Jesus was prepared in three different ways to answer this argument.

First, Jesus knew what the Sadducees believed. Look at his response: “You are mistaken, not understanding the Scriptures nor the power of God. For in the resurrection they neither marry nor are given in marriage, but are like angels in heaven” (Matt. 22:29–30). Did you catch that? Jesus mentions that angels are real. He is pointing out that not only are the Sadducees mistaken about the resurrection, but they’re also mistaken in denying the existence of angels. Clever Jesus.

Second, Jesus knew their argument was based on bad reasoning. The Sadducees’ argument is an informal logical fallacy called a false dilemma. It’s based on a premise that limits the options to only two possibilities: Either the widowed woman is a polygamist in the afterlife, or the afterlife doesn’t exist. Jesus sees through this and points out there’s a third option: There’s no marriage in Heaven.

Third, Jesus knew how to defend his beliefs. Another strange belief the Sadducees held was that only the books of Moses were Scripture. Jesus knew this, and he used their Scriptures to disprove their beliefs. He tells them they don’t know the Scriptures and proceeds to point out what they don’t know: “But regarding the resurrection of the dead, have you not read what was spoken to you by God: ‘I am the God of Abraham, the God of Isaac, and the God of Jacob’? He is not the God of the dead but of the living” (Matt. 22:31–32). Jesus quotes Moses—specifically, Exodus 3:6. The Sadducees wanted to talk about what Moses wrote, so Jesus essentially says, “Okay, let’s talk about what Moses wrote.”

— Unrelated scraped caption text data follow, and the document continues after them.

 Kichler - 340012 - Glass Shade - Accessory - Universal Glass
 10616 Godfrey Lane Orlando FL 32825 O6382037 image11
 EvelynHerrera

This passage from Exodus 3:6 would have been important to the Sadducees because it’s where Moses meets God at the burning bush. Jesus uses this important passage to show the Sadducees they don’t know their stuff. He correctly exegetes this verse for them and proves there must be an afterlife.

Abraham, Isaac, and Jacob all died around 400 years before Moses was born. Yet, God indicates the present tense when talking about these patriarchs to Moses. “I am the God of Abraham, the God of Isaac, and the God of Jacob.” Jesus’ point is that if there is no afterlife, and Abraham, Isaac, and Jacob ceased to exist after their physical death, then the text should say, “I was the God of Abraham, Isaac, and Jacob.” Jesus makes his point by saying, “He is not the God of the dead but of the living.” Jesus believed tense is important when exegeting Scripture.

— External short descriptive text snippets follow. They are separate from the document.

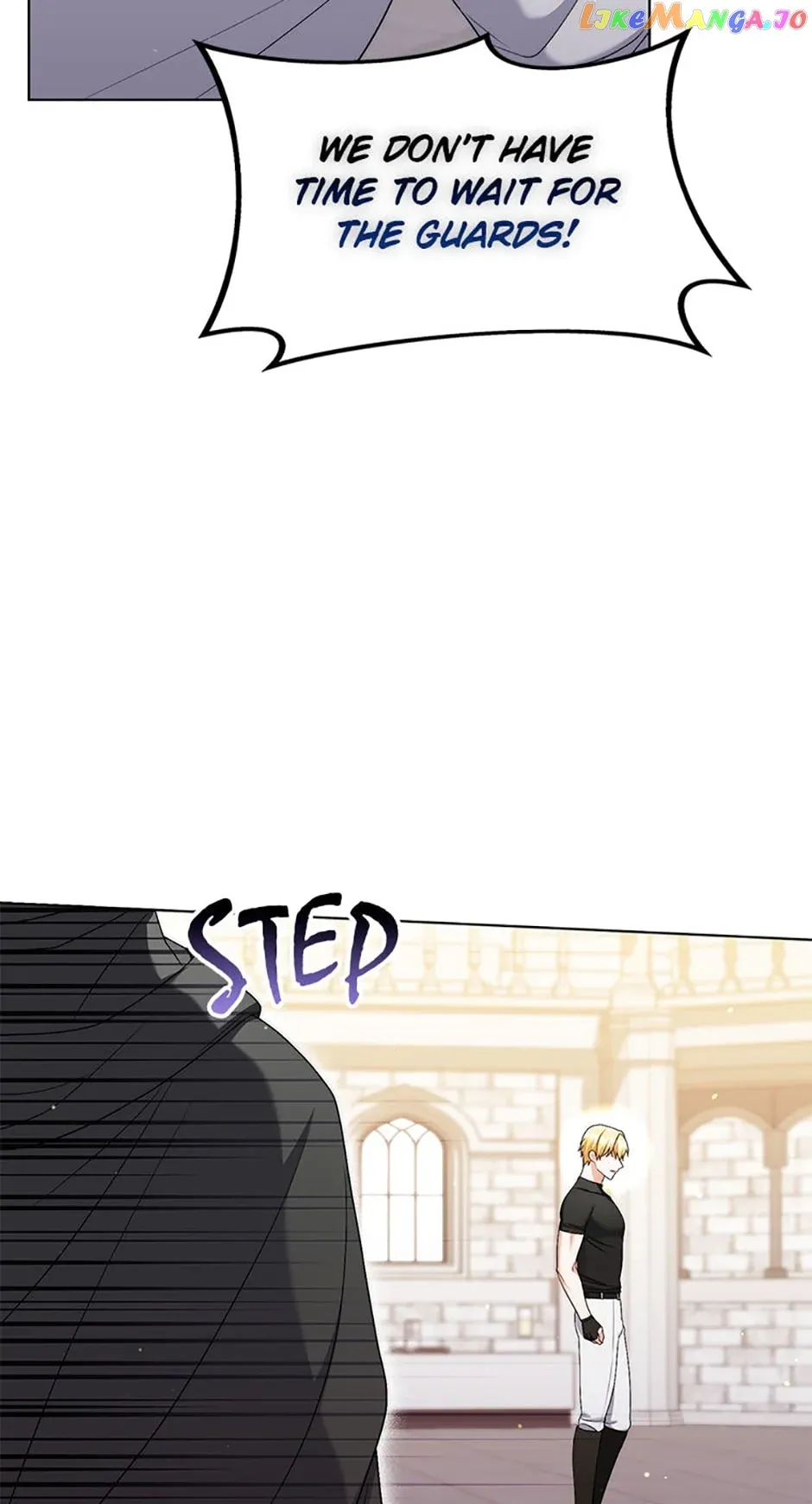 Page 9 of Chapter 49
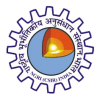 ngri-csir-national-geophysical-research-institute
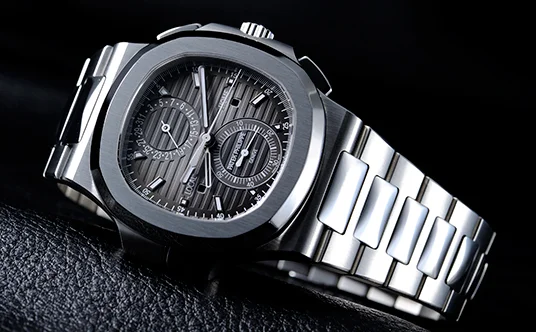 パテックフィリップ 5990/1A コピー 時計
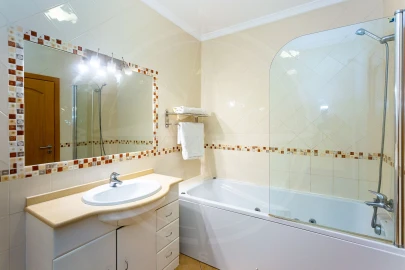 Moradia T4 para Venda em Tavira (Santa Maria e Santiago)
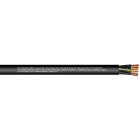 ELETTROTEK KABEL SPA EKB32230H70251A16 TRAY 1002 BLACK 25GAWG16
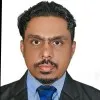 Janaka Dissanayaka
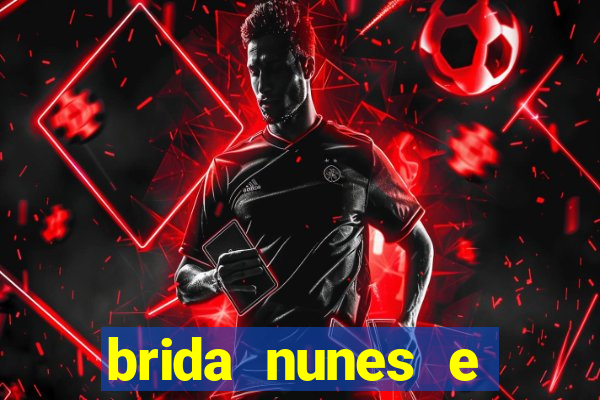 brida nunes e medico xxx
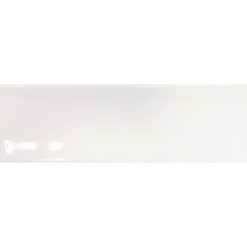 Decortegel 7,5×24,5 -Laura Ashley Mason Pale Dove Grijs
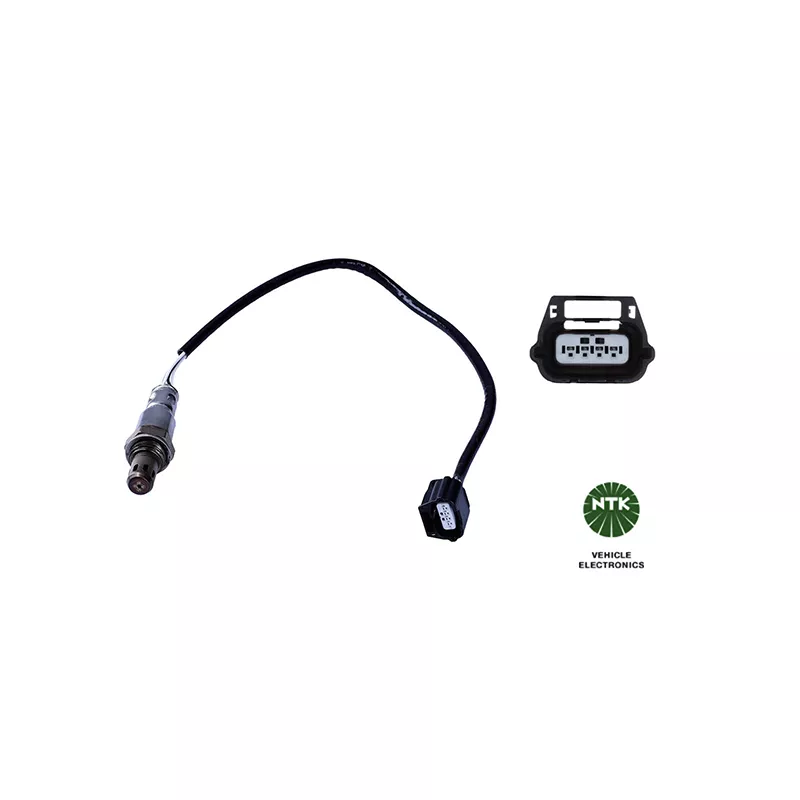 Sonde lambda NGK 97305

After Jesus made his point, the people listening in “were astonished at his teaching.”

We can learn from Jesus’ example how to answer trick questions that are objections to our beliefs. We need to know what our objector believes, recognize bad reasoning, and know how to defend our beliefs. This takes time, effort, and practice, but it is well worth it. People around us are watching how we respond, and we need to represent the truth well.